Artist

Paul Motian

Genre: Jazz ,Post-Bop ,Avant-Garde Jazz ,Modern Creative
Origin: U.S.A
Active: 1954 - 2010
Listen on Coda
Paul Motian combined an uncommonly refined touch on the drums with an exceptional ear for instrumental color, functioning simultaneously as a sophisticated improviser and as a bandleader drawn to demanding post-bop forms. Extended work alongside singular pianists such as Thelonious Monk, Paul Bley, and Lennie Tristano clearly informed his own conception. During the 1960s and 1970s he held ongoing positions in the trios and quartets of Bill Evans, Bley, Mose Allison, and Keith Jarrett. Absorbing the atmospheric sensibilities of those keyboardists, he launched his own discography with the 1974 ECM album Tribute.

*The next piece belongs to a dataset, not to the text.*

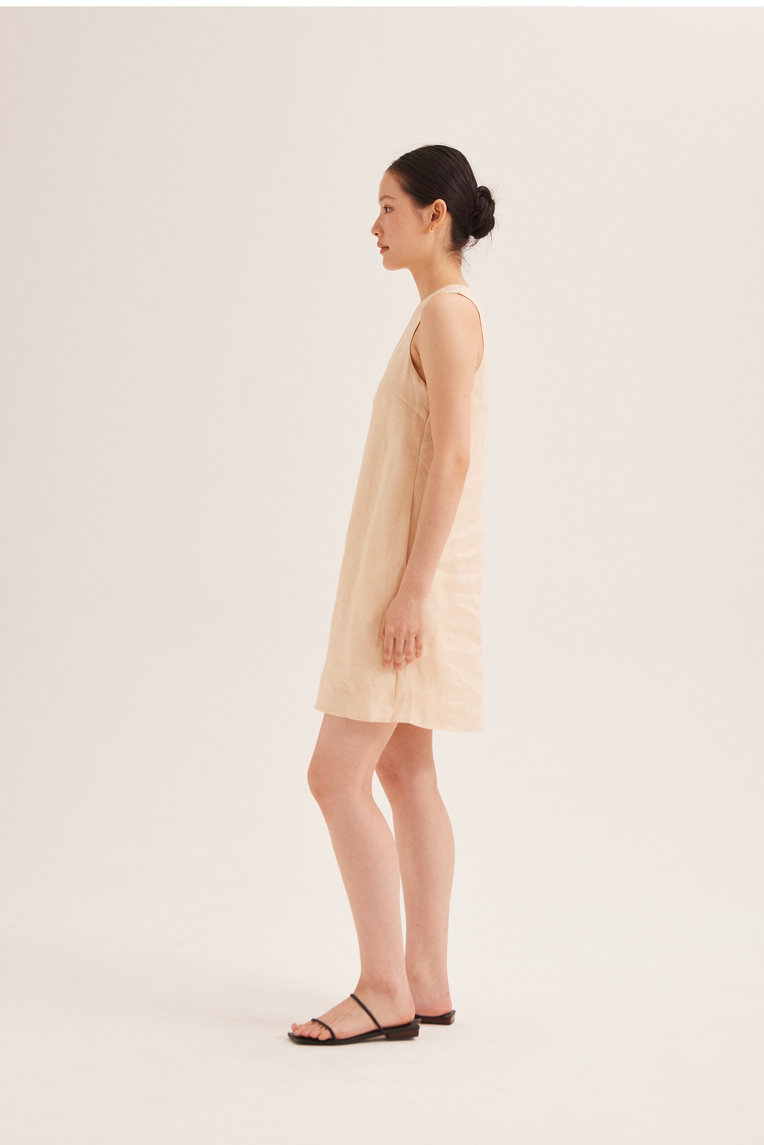 Linen Button-Down Shift Dress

Stephen Paul Motian entered the world in Philadelphia on March 25, 1931, spent his childhood in Providence, Rhode Island, and took up drumming at age twelve, later touring New England with a swing band. After settling in New York in 1955 he performed with Thelonious Monk, Lennie Tristano, Coleman Hawkins, Tony Scott, and George Russell before becoming the regular drummer in Bill Evans’ celebrated trio with bassist Scott LaFaro, documented on the landmark recordings Sunday at the Village Vanguard and Waltz for Debby.

Motian left Evans in 1963 to spend roughly a year with Paul Bley and initiated a sustained association with Keith Jarrett in 1966 that continued through the pianist’s American quartet until 1977. He also freelanced with Mose Allison, Charles Lloyd, Carla Bley, and Charlie Haden’s Liberation Music Ensemble, and declined an invitation to serve as John Coltrane’s second drummer.

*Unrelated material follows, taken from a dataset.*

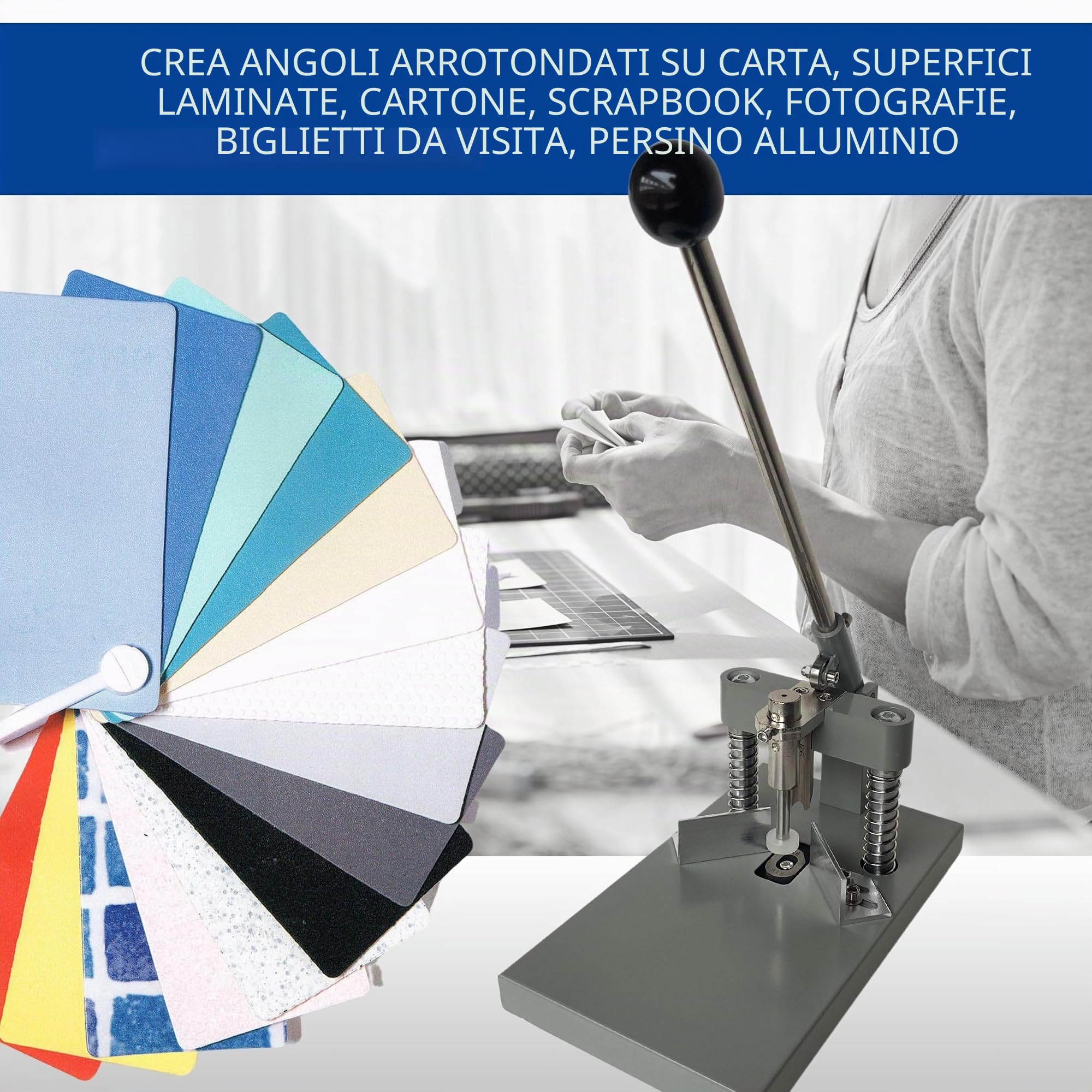 Taglierina angolare per arrotondare gli angoli, perforatrice resistente per cartoncini e carte in PVC, strumento di taglio di precisione per bordi arrotondati, ideale per ufficio e uso aziendale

His first date as leader, Conception Vessel, appeared on ECM in 1972; Tribute followed in 1974. A stable ensemble formed in 1977 that included tenor saxophonist Joe Lovano yielded several additional ECM sessions before guitarist Bill Frisell joined in 1980. Further recordings for ECM and Soul Note preceded a move to JMT in 1988, where he began a lengthy run of distinguished albums with Monk in Motian. In the 1990s he also directed the Electric Bebop Band, whose personnel included saxophonist Joshua Redman, guitarists Kurt Rosenwinkel and Brad Shepik, and bassist Stomu Takeishi. Signing with Winter & Winter in 1998, he initiated another steady stream of releases beginning with 2000 + One in 1999, Europe in 2001, and Holiday for Strings in 2002.

Returning to ECM in 2005, he issued I Have the Room Above Her that year, Garden of Eden in 2006, and Time and Time Again in 2007. The fifth installment in his standards series, On Broadway, Vol. 5, appeared in 2009, followed in 2010 by the trio album Lost in a Dream on ECM. Several projects surfaced in 2011, among them Consort in Motion, an exploration of Renaissance and Baroque composers; the concert recording Live at Birdland on ECM; and Windmills of Your Mind, featuring guitarist Bill Frisell, on Winter & Winter.

A profoundly influential presence on the creative-music landscape, Motian died in New York City in the early hours of November 22, 2011, at the age of eighty, from complications of myelodysplastic syndrome, a bone-marrow disorder. Further Explorations, featuring pianist Chick Corea and bassist Eddie Gomez, was released posthumously by Concord in January 2012. Two years later ECM issued the archival Hamburg ’72, documenting a trio performance with Keith Jarrett and Charlie Haden. When Will the Blues Leave, issued in 2019, captured a 1999 Swiss concert by Paul Bley’s trio that also included bassist Gary Peacock.